As I have stated before, I am not an attorney. But I understand the significance of words used in legislation and the consideration placed on these words in a court of law. And the concept of “Legislative Intent” is often a major consideration in a hearing.
So, in contemplating the words and intent of Virginia’s Election Laws, several questions are nagging me.
First and foremost, why did the Virginia State Legislature deem it necessary to exclude Presidential Primaries from the section that addresses Virginia Statewide Elections?
The simplest reason I can think of is because this deals with a party nomination, not a general election. And exactly how much power does (or should) a state legislature exert on the nomination process of a political party? The eventual nominee, however chosen, is not the winner of the election. They have no power or authority to govern. They are simply the nominee of a party.
The eventual nominee must meet certain requirements to be included on the ballot in a general election, and the state should have rules on that, but is it appropriate for the state to become involved at the nomination level to the extent of placing demands on how the party conducts it’s business of nominating a candidate?
Probably not. And any legislative involvement at this stage of the process is probably an overreach of state authority. At least until the nominee is chosen. At that point, the state should have authority.
Section after section of Title 24.2 – ELECTIONS includes the phrase other than a candidate for a party nomination or a party nominee. If you search for “party nomination” you will see that much of Title 24.2 specifically excludes the party nomination process.
Now have a look at the language the Legislature placed in the requirements for statewide ballot inclusion. Even the title of the section spells out that the petition signatures are required.

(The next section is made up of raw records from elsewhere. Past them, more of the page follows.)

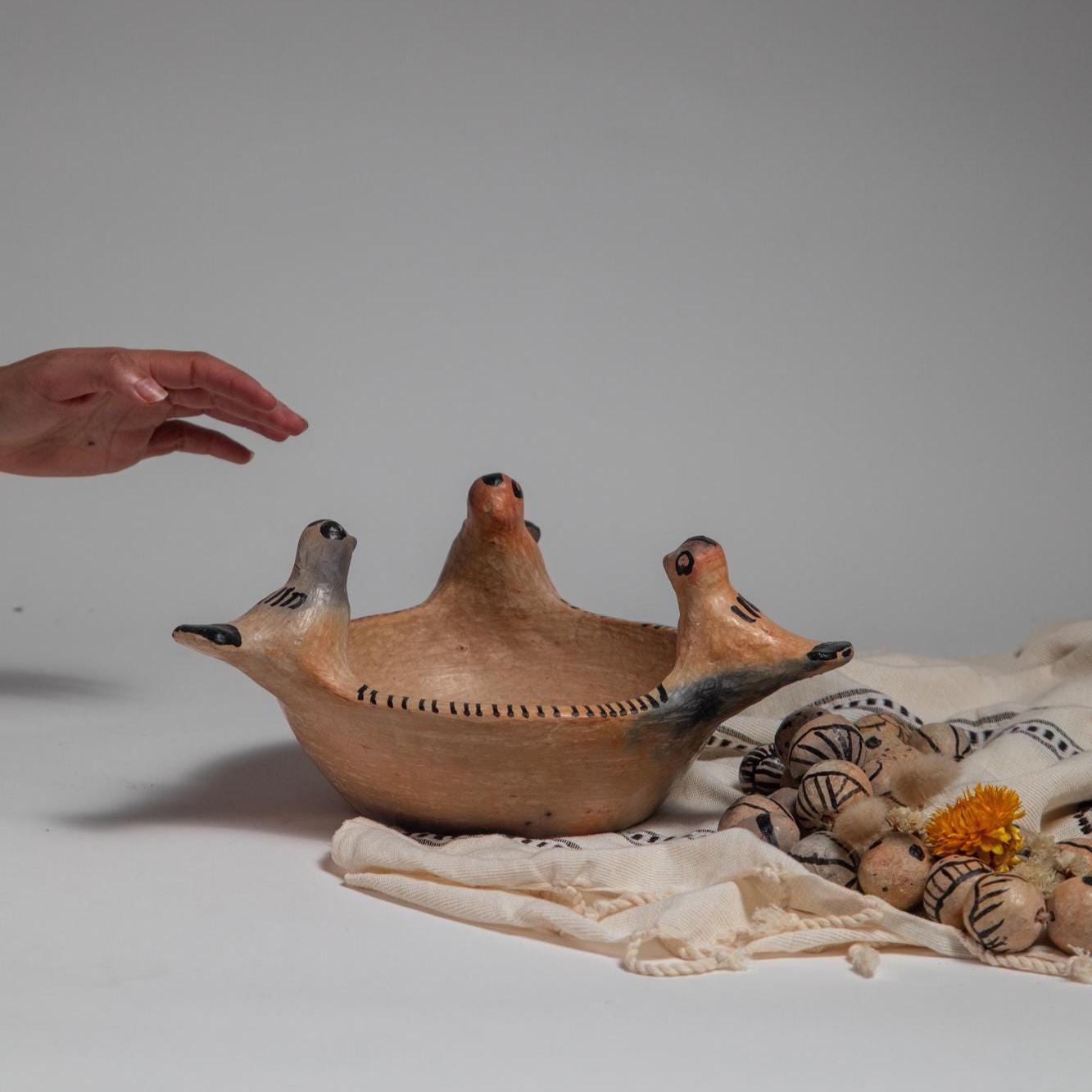 Handmade Pottery Bird Bowl – North African Ceramic Dish, 6-inch - Thumbnail 4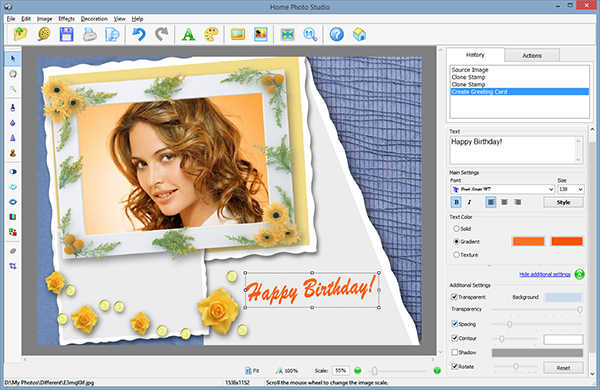 Создание поздравительной открытки в Home Photo Studio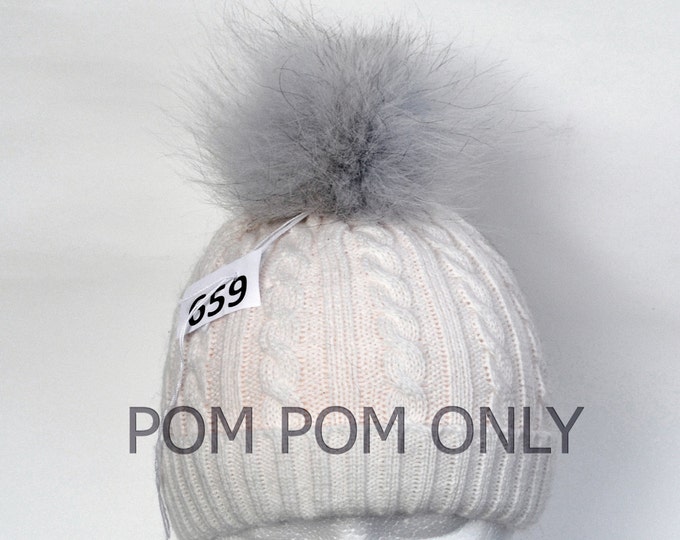 7" FOX POMPOM! Fur Pom Pom Real Fur Pom- Pom Grey Pom Pom Large Pom Pom Hat Knitted Children Cap Beanie Women Tuque Real Fur Hat Pom Pom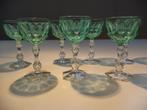 7x Val Saint Lambert Uranium groen glas VSL Prince de Galles, Antiek en Kunst, Ophalen of Verzenden
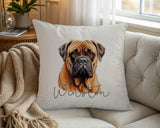 Personalised Bullmastiff name cushion on a chair by the window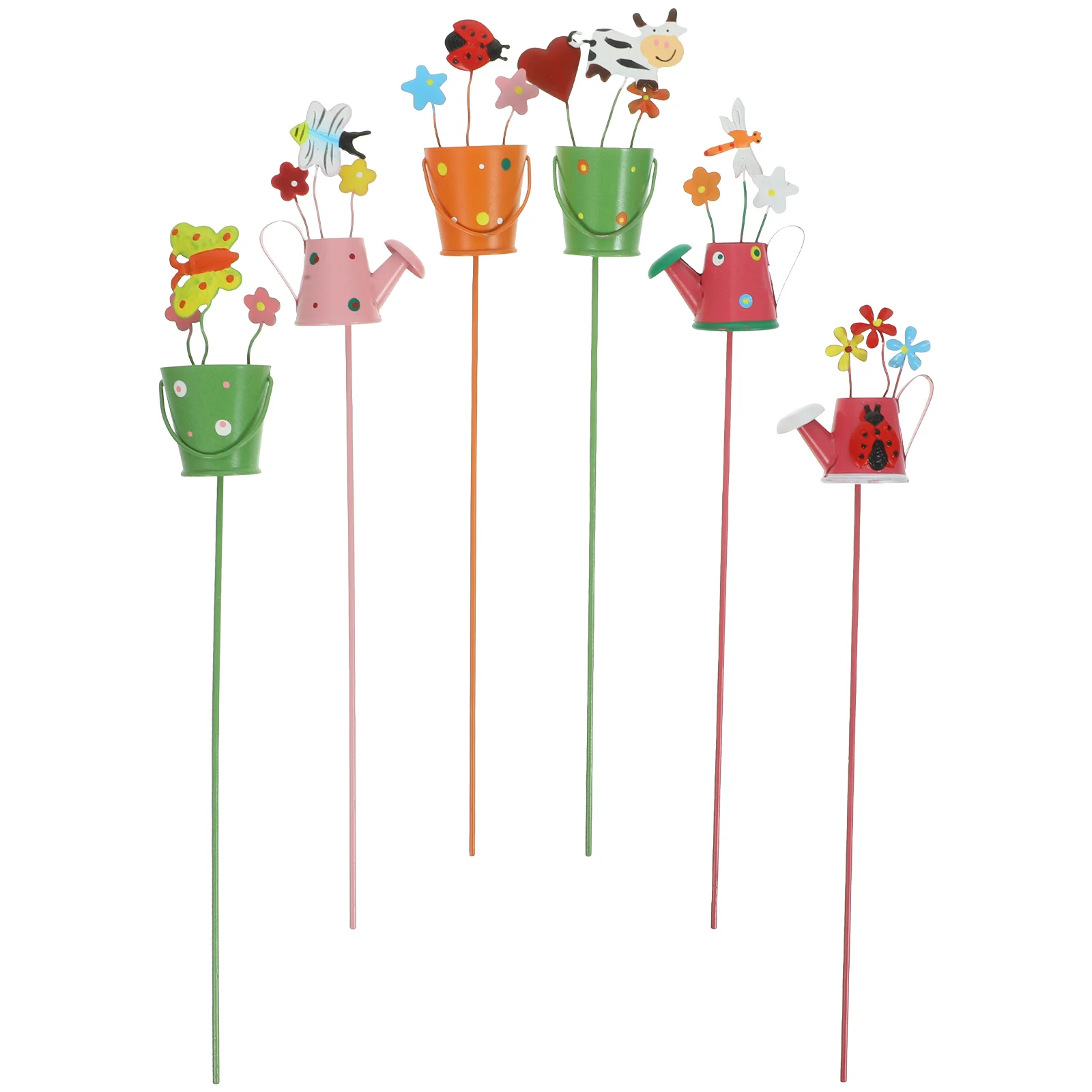 

6pcs Metal Garden Stakes Decorative Flower Arrangement Spring Yard naments Plant Stakes Potted Durable Iron Reliable Wear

And the wording of the signature requirement is not ambiguous at all:
The name of any candidate for any office, other than a party nominee, shall not be printed upon any official ballots provided for the election unless he shall file along with his declaration of candidacy a petition therefore, on a form prescribed by the State Board, signed by the number of qualified voters specified below after January 1 of the year in which the election is held and listing the residence address of each such voter. Each signature on the petition shall have been witnessed by a person who is himself a qualified voter, or qualified to register to vote, for the office for which he is circulating the petition and whose affidavit to that effect appears on each page of the petition.
Each voter signing the petition may provide on the petition the last four digits of his social security number, if any; however, noncompliance with this requirement shall not be cause to invalidate the voter’s signature on the petition.
Pay attention to the portions underlined and/or in bold print (my emphasis added). First, these requirements are restrictive and absolutely spell out that a certain number of signatures are required. And that an address is required. And even further, that the person collecting the signatures be qualified to run for the office for which he is collecting the signatures. Which means that the person collecting the signatures must live in the appropriate area and be a qualified voter.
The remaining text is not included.